AUTHOR=Wang Shudong , Liu Dayan , Ding Mao , Du Zhenzhen , Zhong Yue , Song Tao , Zhu Jinfu , Zhao Renteng TITLE=SE-OnionNet: A Convolution Neural Network for Protein–Ligand Binding Affinity Prediction JOURNAL=Frontiers in Genetics VOLUME=11 YEAR=2021 URL=https://www.frontiersin.org/journals/genetics/articles/10.3389/fgene.2020.607824 DOI=10.3389/fgene.2020.607824 ISSN=1664-8021 ABSTRACT=

Deep learning methods, which can predict the binding affinity of a drug–target protein interaction, reduce the time and cost of drug discovery. In this study, we propose a novel deep convolutional neural network called SE-OnionNet, with two squeeze-and-excitation (SE) modules, to computationally predict the binding affinity of a protein–ligand complex. The OnionNet is used to extract a feature map from the three-dimensional structure of a protein–drug molecular complex.

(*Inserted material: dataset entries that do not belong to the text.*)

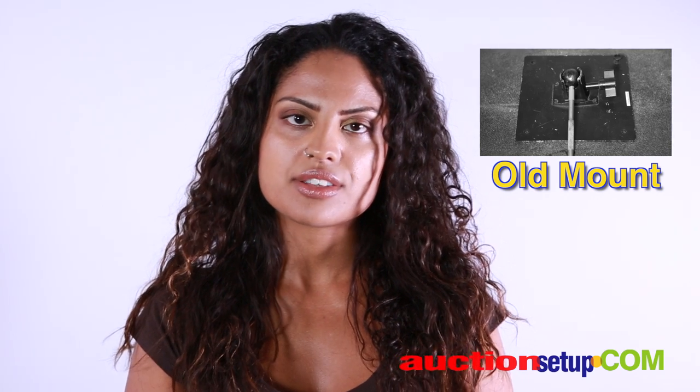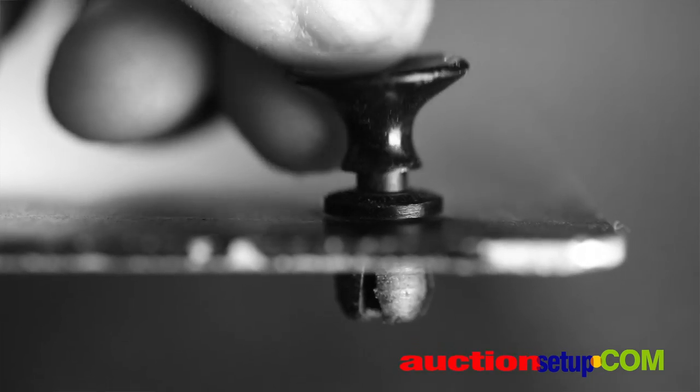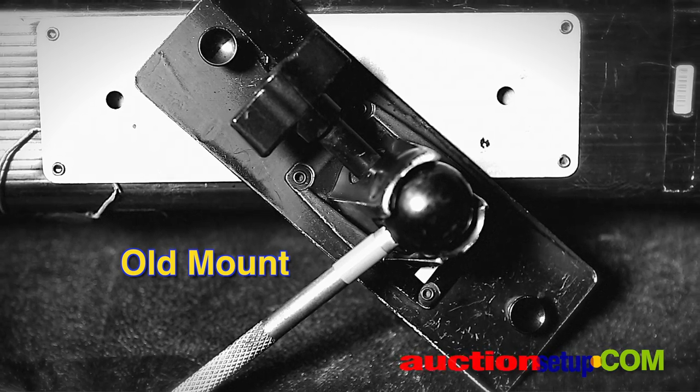The old KinoFlow mounting system with the always breaking plastic grommet gizmos was a disaster. The new all metal locking system is light years better. The factory will not facilitate upgrading your old light and will tell you to purchase a brand new light for hundreds of dollars instead.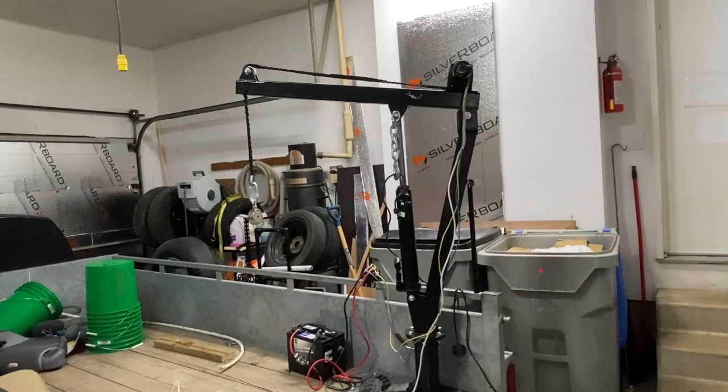Just giving an update on the crane installation. I changed out the hand crank winch for an electric one and just wanted to let you have a peek at how the thing is coming along. I have electrical boxes coming tomorrow which will get all this other stuff waterproofed, but I just wanted to show you how this thing is actually going to work.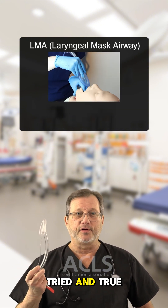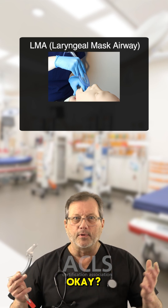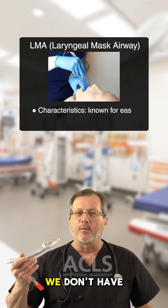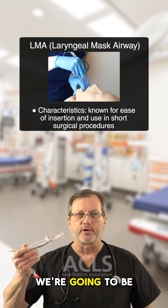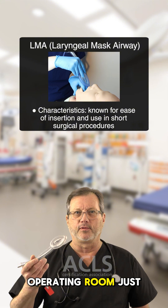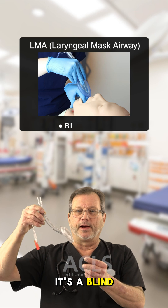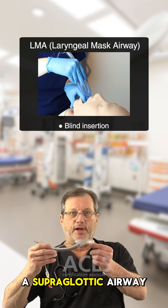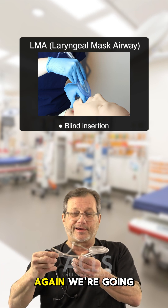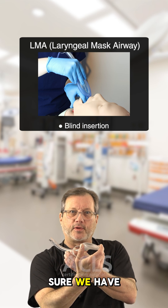Next, the LMA — tried and true. I've only seen these fail in the ER. These are really great in the operating room for quick procedures where we don't have to intubate the patient, and they're used routinely in the OR just for that purpose. The LMA is a blind insertion supraglottic airway designed to fit over the glottic opening. However, once inserted, we're going to need a syringe — we have to fill this cuff up and make sure we have a good seal.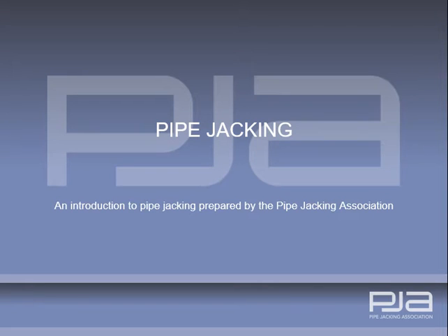This introduction to pipe jacking has been prepared by the Pipe Jacking Association as an aid to engineers and others seeking an introduction to the science and art of pipe jacking.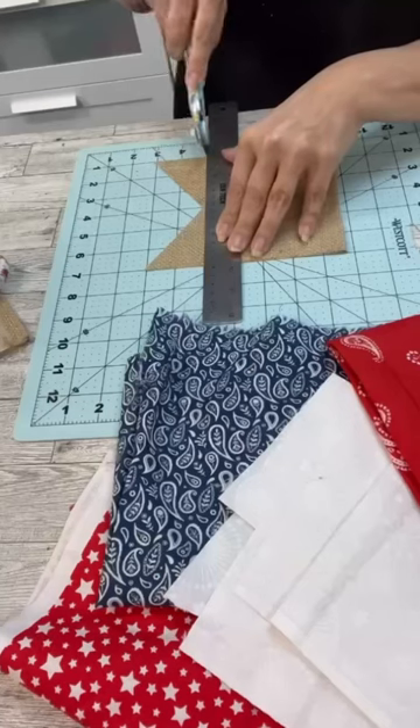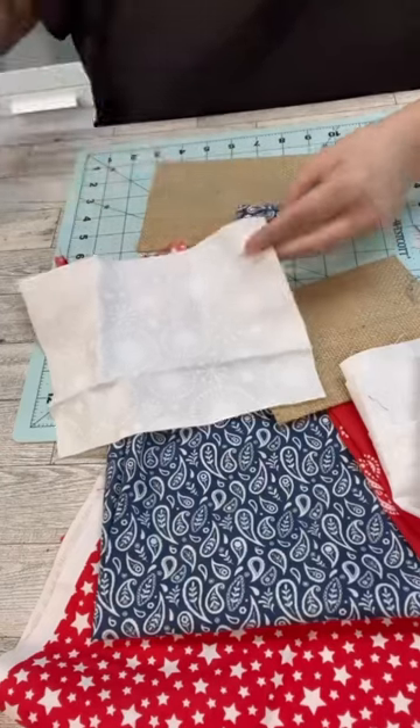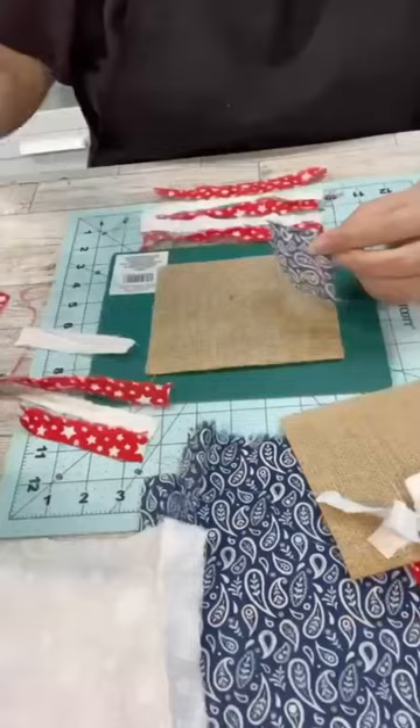Let's use these Dollar Tree burlap banners in a different way. I'm going to cut the tails off of them, then rip apart a bunch of fabric, and start hot-gluing it on to make little cool flags.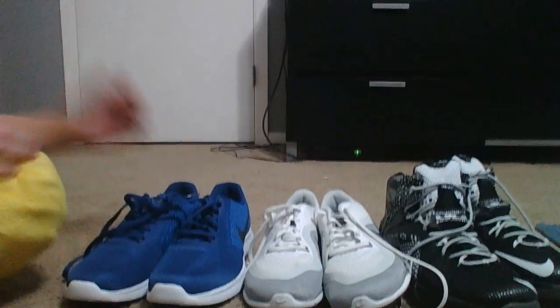Hey guys, TireVlogs here, and today I'm going to be doing a video over my brand new school shoes. On the left here, we have my LeBrons.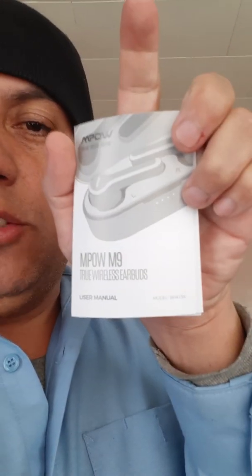I heard great reviews and couldn't find any big reviews on YouTube, so that's why I'm doing this one. It's the MPOW M9 true wireless earbuds. This one has deep bass — I was listening to a song before I made this video and it was awesome. You hold down the right side for a couple seconds to increase volume, hold the left to decrease, and double tap to skip a track.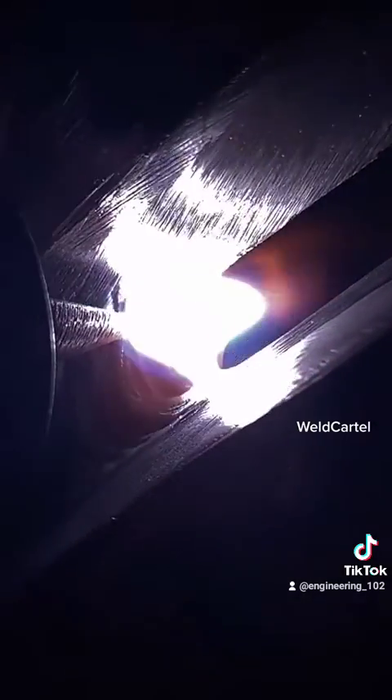And once again, you'll see how the rod gets manipulated up and down from bevel to bevel to fill in wherever more metal is needed. Every time you see that keyhole opening up, that rod gets manipulated towards that bevel to fill it in.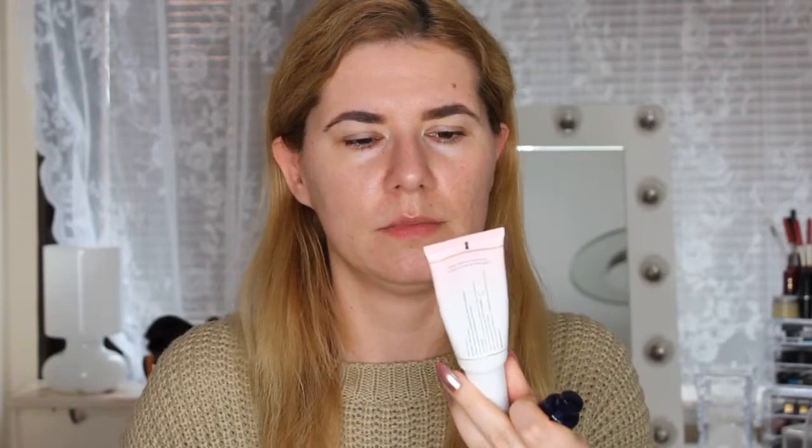I'm going to apply this foundation using my all-time favorite brush, which is a kabuki brush from Paris Berlin — I love this brush. I'm also going to try the other side of my face with a Beauty Blender. I'm going to put primer all over my face, because I always use a primer. Today I'm using this Hangover primer, which is also coconut water-based.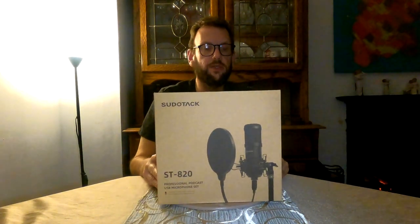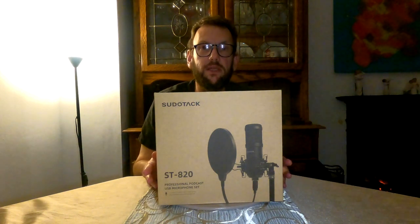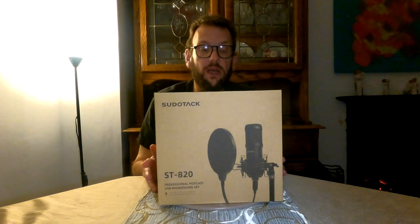Because of that, we've actually been sent something - this is the Pseudotac ST820 podcast professional microphone. I'm hoping this is going to be a real vast improvement for when I do voiceovers. I've not opened it, I've not looked at it, I've got no idea what it's like, so as per normal we'll unbox it together, put it together, and then try it out.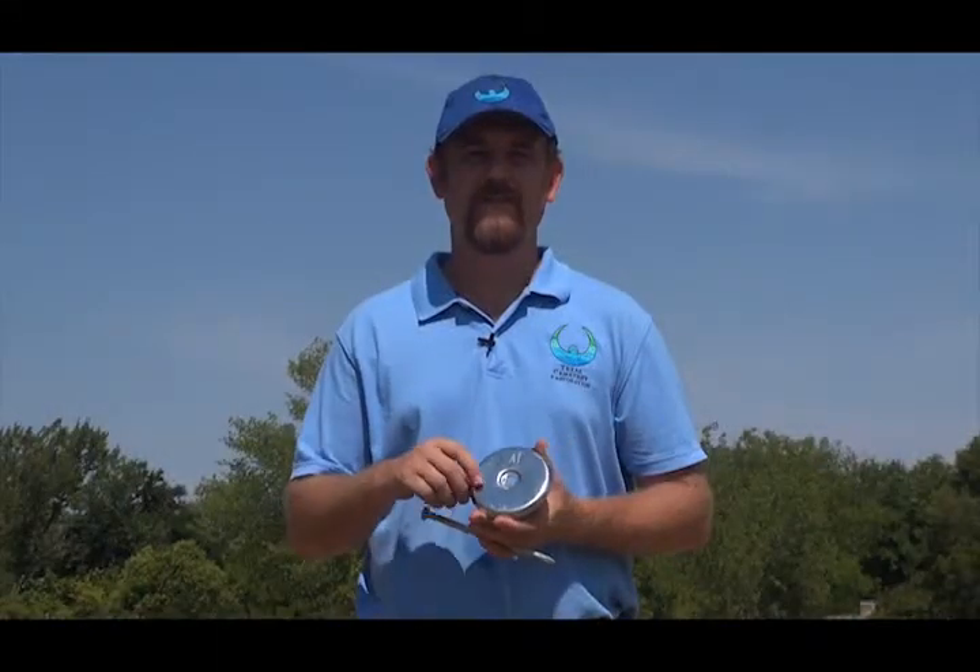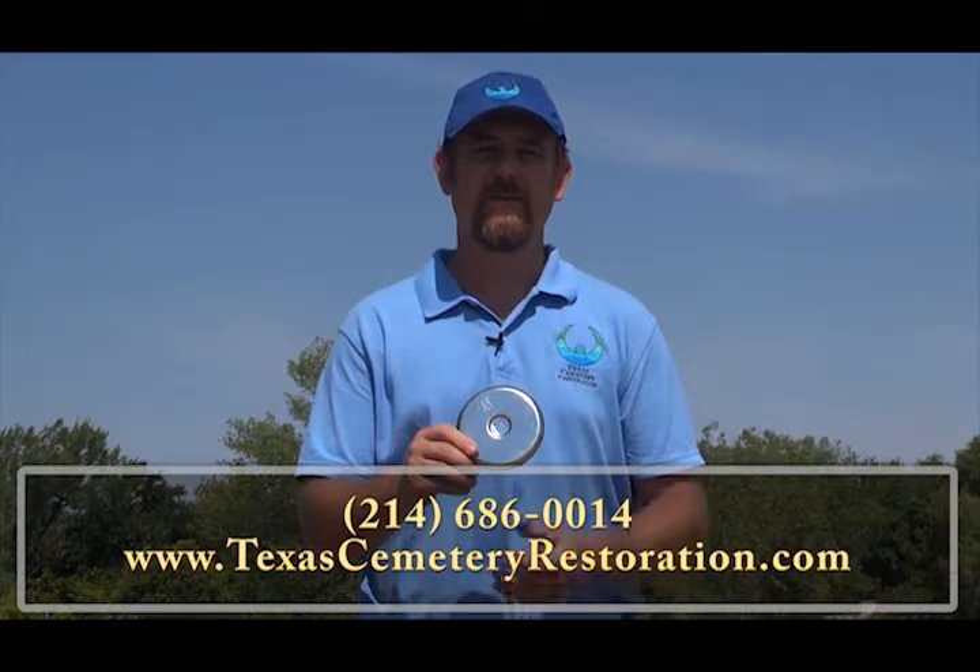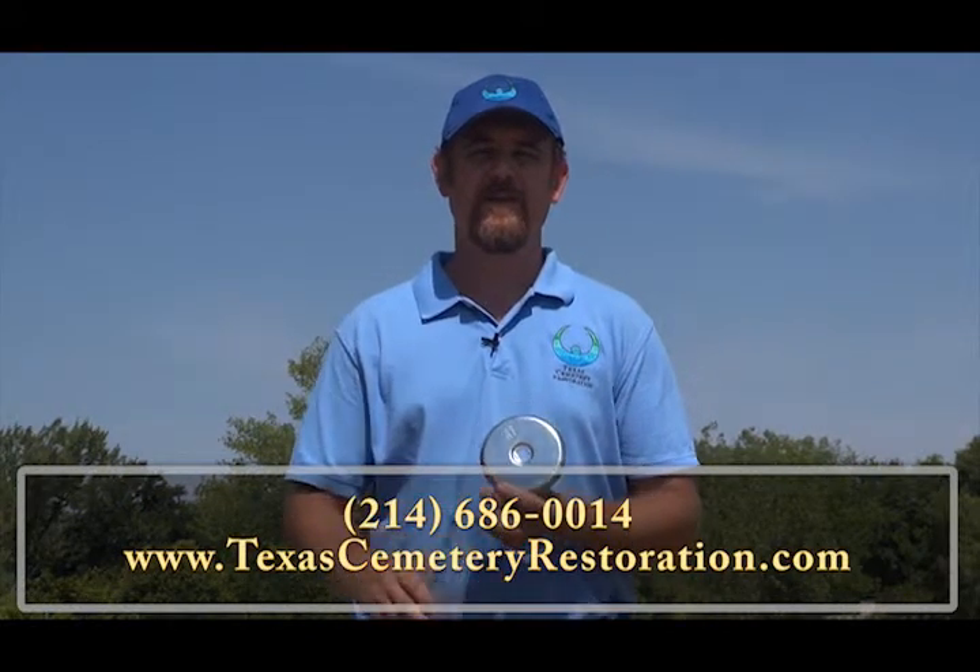Our row markers are made of stainless steel, four and a half inches in diameter, and they're inscribed with the section and the row in order to mark off graves easily in the cemetery. They can be installed at ground level where mowers can go over them, and they're easy to find if they get covered over with a metal detector.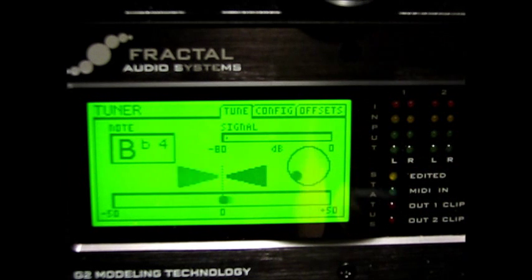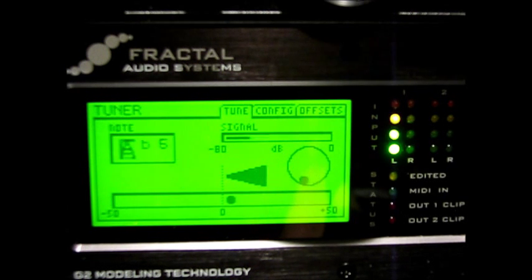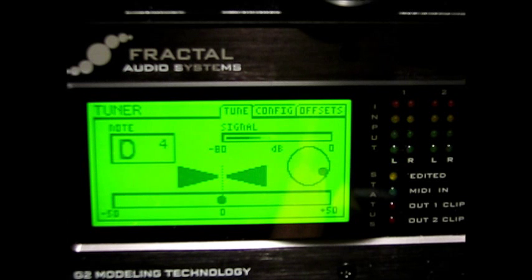It seems that the key to this tuner — I'm going to leave it on the bridge for an even comparison — is that if you pluck the string with your thumb and just let it ring, all that jitteriness goes away. The needle stops. You can see it will actually let you ring out quite a ways, even well into the decay.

The SE module is added to the second and third convolutional layers to improve the non-linear expression of the network to improve model performance. Three different optimizers, stochastic gradient descent (SGD), Adam, and Adagrad, were also used to improve the performance of the model. A majority of protein–molecule complexes were used for training, and the comparative assessment of scoring functions (CASF-2016) was used as the benchmark. Experimental results show that our model performs better than OnionNet, Pafnucy, and AutoDock Vina. Finally, we chose the macrophage migration inhibitor factor (PDB ID: 6cbg) to test the stability and robustness of the model. We found that the prediction results were not affected by the docking position, and thus, our model is of acceptable robustness.